Mirai Kakehashi é um jovem que não tem mais vontade de viver. Além de perder a família em um terrível acidente, era maltratado todos os dias pela sua família adotiva. Cansado da vida infeliz, o jovem se joga de um prédio no dia de sua formatura no Ensino Fundamental. Porém, neste momento, Mirai se encontra com um anjo que poderá mudar totalmente a sua vida!.

  • História e desenvolvimento

A sinopse pouco ou nada diz sobre o mangá, apenas nos fazendo saber que a obra terá toques de fantasia sobrenatural, com a presença de anjos, e de que o protagonista é um daqueles típicos personagens depressivos à lá Shinji Ikari.

Se o primeiro ponto é verdadeiro, o segundo nem tanto. No início, Mirai é realmente depressivo ao ponto de decidir se suicidar em poucas páginas, mas logo ele é salvo por um anjo chamado Nasse e este lhe diz uma verdade que o faz começar a enxergar a vida com outros olhos e querer buscar a própria felicidade. A partir daí não veremos mais esse traço e a história verdadeiramente começa.

A história de Platinum End é basicamente assim: deus deseja se aposentar e transferir suas funções para um humano mais jovem. Para isso, treze anjos são encarregados de encontrar treze humanos para participarem de uma competição e aquele que for mais capaz será escolhido como deus.

Cada um dos candidatos a deus recebe um ou mais poderes específicos que podem lhe trazer a felicidade: a liberdade e o amor. A liberdade são as asas que permitem que a pessoa voe muito rápido sem ser notado, e o amor é a flecha vermelha que faz qualquer pessoa se apaixonar por 33 dias.

O problema é que esses poderes podem ser usados tanto para o bem, quanto para o mal, a depender da índole da pessoa e de sua noção de felicidade. Enquanto um usa seu poder para conseguir todas as mulheres que quiser, Mirai apenas deseja ter uma vida simples, com uma família comum, etc. Algo compreensível para alguém que tivera isso negado durante tantos anos.

Além disso, os anjos desse mangá não são o poço de sensatez e bondade que se espera de um anjo na concepção ocidental da coisa. Eles podem ser completamente sem noção em seus conselhos e terem, também, a pior das índoles possíveis. Nasse, o anjo de Mirai, chega a sugerir para ele matar seus parentes para receber a herança e ter muito dinheiro, tamanha a falta de sensibilidade e humanidade do anjo.

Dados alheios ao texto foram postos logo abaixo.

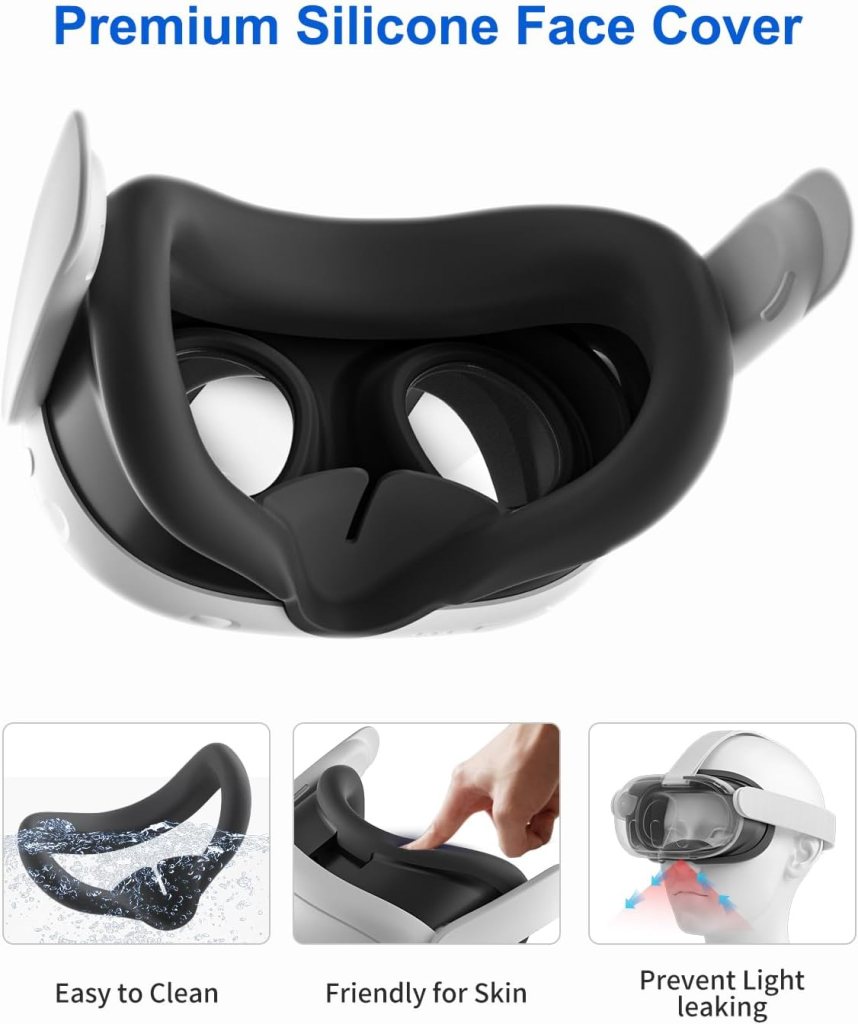 DUXICEPIN Accessories for Meta Quest 3, Protective Cover for Oculus Quest 3, Included Shell Cover, Face Cover, Controller Grips Cover, Lens Protector, Lens Cover, Joystick Caps (Not for Charging Dock)
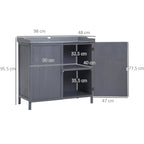 Garden Storage Cabinet, Outdoor Tool Shed, Potting Bench Table with Galvanized Top and Two Shelves for Yard Tools or Pool Accessories Outsunny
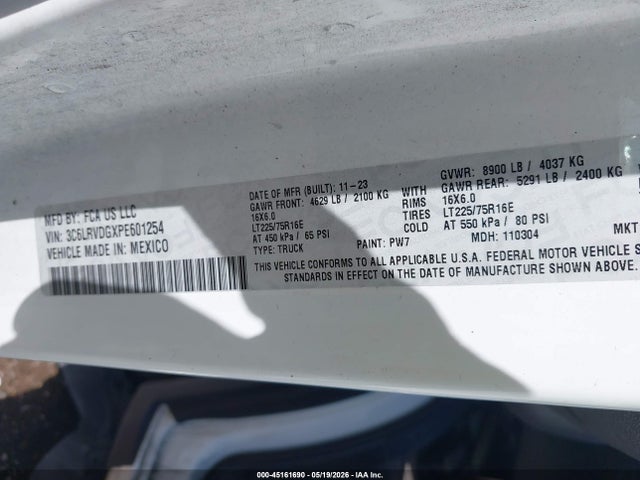 3C6LRVDGXPE601254 RAM Promaster 2500 High Roof 159 Wb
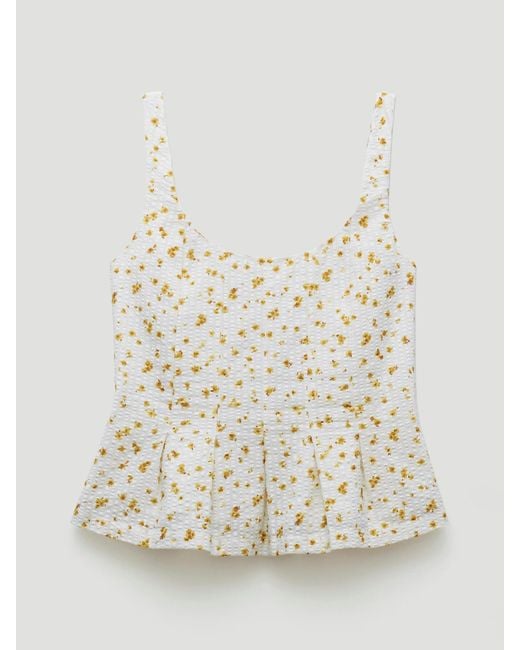 Hush White Sage Strappy Pleated Top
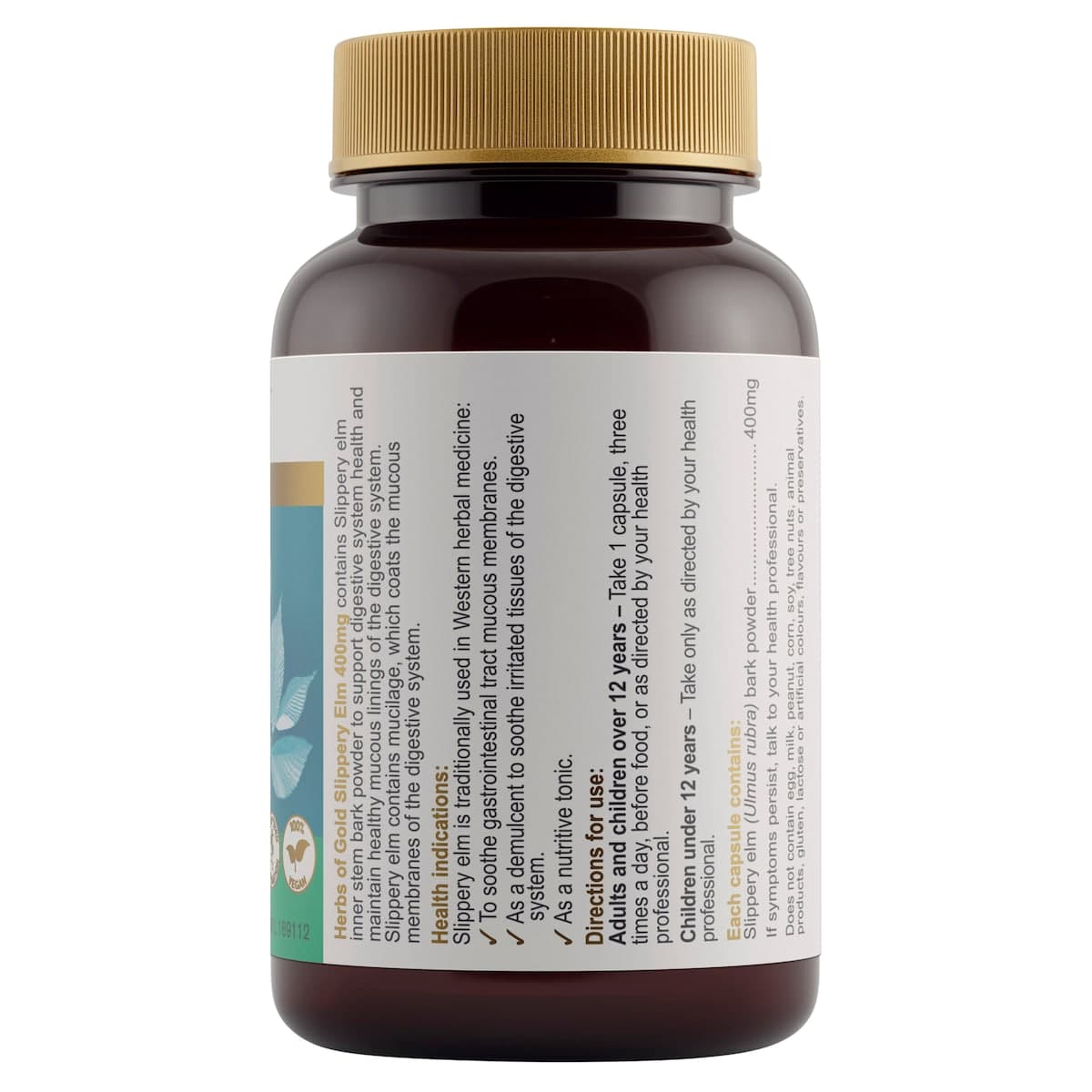 Thumbnail Herbs of Gold Slippery Elm 400mg 60 Capsules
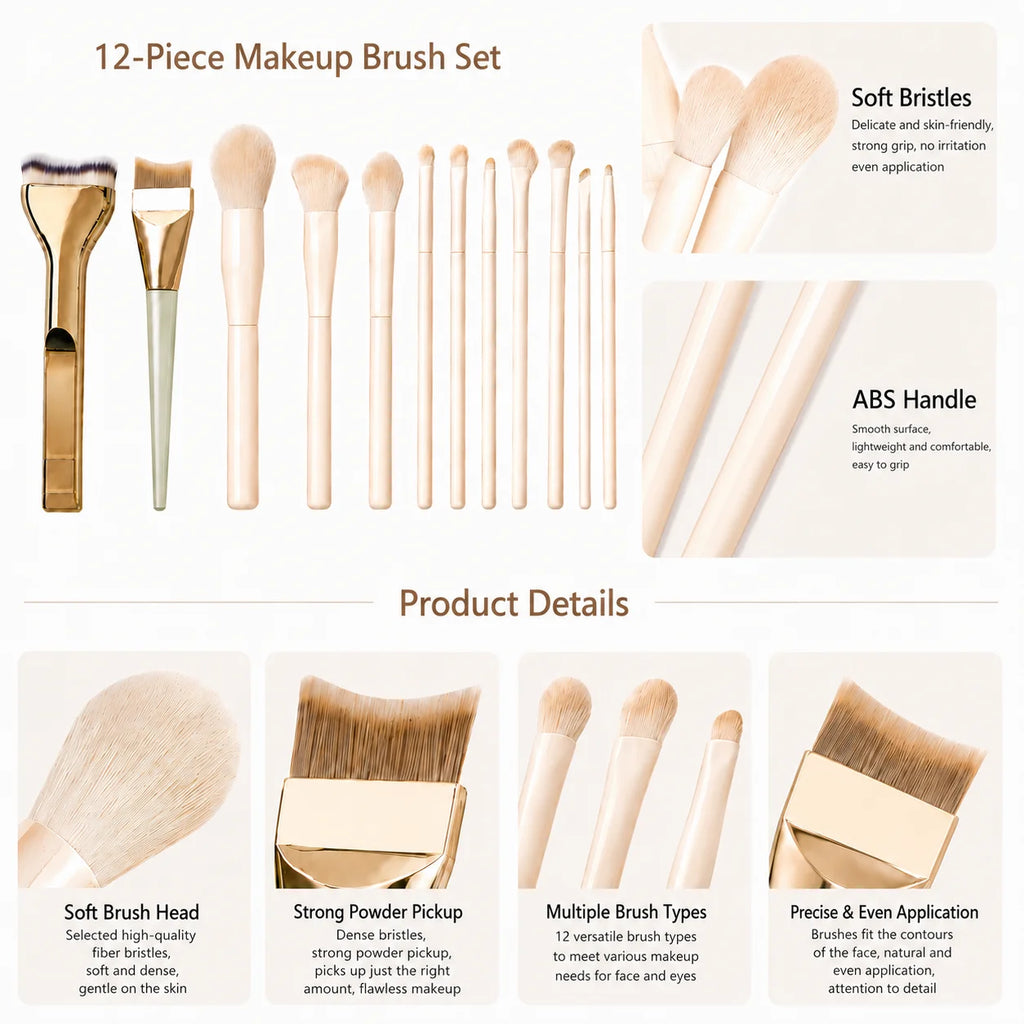 Professional 12PCS Makeup Brush Set with Foundation Brush, Powder Brush, Eyeshadow Brushes for Face & Eye Makeup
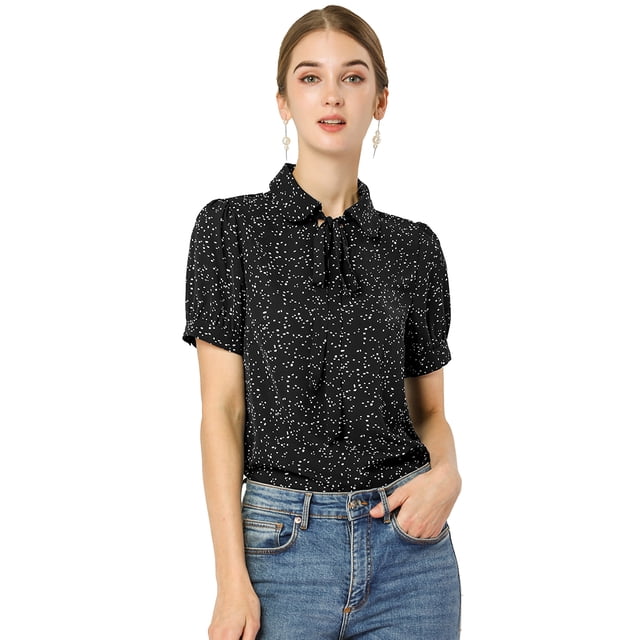 INSPIRE CHIC Blusa De Gasa Con Cuello Peter Pan Y Manga Corta Con Lunares Para Mujer Negro S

Nasse e seu “ótimo” conselho

Nos dois primeiros volumes não há uma explicação clara sobre o como é essa competição para se tornar o novo deus, porém há um certo acontecimento que ditará os rumos da “escolha”. Ao que tudo indica, cada um dos anjos parece ter uma ideia diferente de como se deve decidir qual será o futuro deus. Enquanto Nasse quer apenas que Mirai seja feliz (sem expressar abertamente uma ideia do modo de escolha), um outro anjo diz que o vencedor tem que ser decidido de acordo com a personalidade, oratória e a conduta, enquanto outro afirma que eliminar os demais candidatos é a maneira mais óbvia de se tornar o novo deus.

E é esse último anjo, ou antes o candidato deste anjo, que dita as regras do jogo e que passa ser a tônica do mangá. Platinum End se torna apenas mais um battle royale, um mangá de sobrevivência, em que os protagonistas terão que lutar por suas vidas.

Entre estratégias e lutas, o mangá diverte bastante, nos instiga a querer continuar e a descobrir os mistérios, a querer saber o que vai acontecer. A capacidade da dupla Ohba e Obata de nos fazer desejar continuar lendo a história é a mesma de Bakuman e Death Note, principalmente pelos cliffhangers ao final de cada volume.

A qualidade geral da obra, porém não é a mesma. Se Platinum End diverte e entretém bastante, ele faz isso apesar dos diversos problemas de roteiro. É tanta coisa inconsistente que a obra parece escrita por um adolescente ou por um autor novato que ainda não teve um puxão de orelha do seu editor.

A premissa é interessante (jovens que resolveram se suicidar acabam tendo suas vidas salvas por anjos e ganham a chance de virar deus), mas a história é estragada pelo desenvolvimento e pelo modo como as novas informações são passadas, sendo tudo jogado. Parece que o Ohba simplesmente não tinha preparado nada da história e foi adicionando elementos aos poucos e sem o menor cuidado.

(Só para você entender melhor o que quero dizer: quem leu Death Note sabe que a segunda parte do mangá não deveria existir, pois ela não foi originalmente pensada pelos autores. Não há necessidade de nenhuma declaração deles para se ter certeza disso, pois o plot do mangá era um só, Light Yagami desejava se tornar o deus do novo mundo e o detetive L queria prendê-lo. Em nenhum momento houve qualquer menção ao Near e ao Melo, figuras que apareceriam na segunda metade. Um bom roteirista prepararia a segunda metade da obra, colocando leves citações a esses personagens aqui e ali, o que não acontece em momento nenhum. Eles são elementos novos, criados apenas para a história continuar a partir de um determinado ponto).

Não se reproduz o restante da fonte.